The findings, published April 30 in Nature Chemical Biology, could lead to new ways to eliminate antibiotics from land and water, the researchers said. Environmental antibiotic contamination promotes drug resistance and undermines our ability to treat bacterial infections.

"Ten years ago we stumbled onto the fact that bacteria can eat antibiotics, and everyone was shocked by it," said senior author Gautam Dantas, PhD, an associate professor of pathology and immunology, of molecular microbiology, and of biomedical engineering. "But now it's beginning to make sense. It's just carbon, and wherever there's carbon, somebody will figure out how to eat it. Now that we understand how these bacteria do it, we can start thinking of ways to use this ability to get rid of antibiotics where they are causing harm."

Drug resistance is a serious and worsening problem that threatens to set medical care back to a time when antibiotics were not yet discovered and infectious disease was the number one cause of death worldwide.

Modern industrial and agricultural practices are hastening the rise of antibiotic resistance by saturating the environment with active drugs. In India and China, which together produce the vast majority of the world's antibiotics, pharmaceutical factories sometimes dump antibiotic-laden waste into local waterways. In the United States, some farmers add antibiotics to their animal feed to help their livestock grow, which produces waste loaded with the drugs.

Bacteria easily share genetic material. So when antibiotics infiltrate the water and soil, resident bacteria respond by spreading antibiotic resistance genes through the community.

Dantas, postdoctoral researcher and first author Terence Crofts, PhD, and colleagues wanted to understand how some environmental bacteria not only withstand antibiotics, but feed on them. They studied four distantly related species of soil bacteria that all flourish on a diet of penicillin alone. Penicillin was the first antibiotic discovered, but it has fallen out of favor because of resistance. Other members of the penicillin family such as amoxicillin and ampicillin are still effective and widely prescribed to treat bacterial infections.

The researchers found three distinct sets of genes that became active while the bacteria ate penicillin but inactive while the bacteria ate sugar. The three sets of genes correspond to three steps bacteria take to transform a lethal compound into a meal.

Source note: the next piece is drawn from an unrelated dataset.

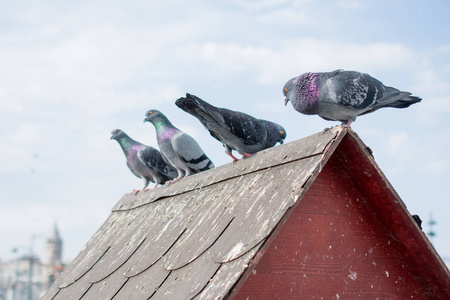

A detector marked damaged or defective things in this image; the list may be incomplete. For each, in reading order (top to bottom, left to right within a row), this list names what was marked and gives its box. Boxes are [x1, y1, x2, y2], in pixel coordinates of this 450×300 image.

peeling paint on roof [42, 127, 344, 300]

All of the bacteria start by neutralizing the dangerous part of the antibiotic. Once the toxin is disarmed, they snip off a tasty portion and eat it.

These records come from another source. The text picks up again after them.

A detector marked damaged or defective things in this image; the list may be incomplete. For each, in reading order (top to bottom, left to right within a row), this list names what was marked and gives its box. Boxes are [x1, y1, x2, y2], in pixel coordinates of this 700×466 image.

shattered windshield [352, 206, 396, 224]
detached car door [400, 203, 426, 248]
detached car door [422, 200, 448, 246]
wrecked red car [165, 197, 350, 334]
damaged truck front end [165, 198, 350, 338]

Understanding the steps involved in converting an antibiotic into food could help researchers bioengineer bacteria to clean up soil and waterways contaminated with drugs and thereby slow the spread of drug resistance. The soil bacteria that naturally eat antibiotics are finicky and difficult to work with. But a more tractable species such as E. coli potentially could be engineered to feed on antibiotics in polluted land or water.

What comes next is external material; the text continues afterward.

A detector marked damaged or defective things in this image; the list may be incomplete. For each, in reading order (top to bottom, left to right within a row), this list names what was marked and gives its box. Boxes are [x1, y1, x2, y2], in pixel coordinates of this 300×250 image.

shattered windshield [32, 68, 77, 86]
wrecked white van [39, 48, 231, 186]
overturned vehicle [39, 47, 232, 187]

Crofts and Dantas showed they could give E. coli the ability to survive and thrive on penicillin. The bacterium normally requires sugar, but with some genetic modification and the addition of a key protein, it flourished on a sugar-free diet of penicillin.

"With some smart engineering, we may be able to modify bacteria to break down antibiotics in the environment," Crofts said.

Any such bioengineering project would have to include a plan to speed up the antibiotic-eating process. The way soil bacteria naturally remove antibiotics from the environment is effective but slow. They couldn't possibly handle the amounts of antibiotics near pharmaceutical factories and in sewage facilities.

"You couldn't just douse a field with these soil bacteria today and expect them to clean everything up," Dantas said. "But now we know how they do it. It is much easier to improve on something that you already have than to try to design a system from scratch."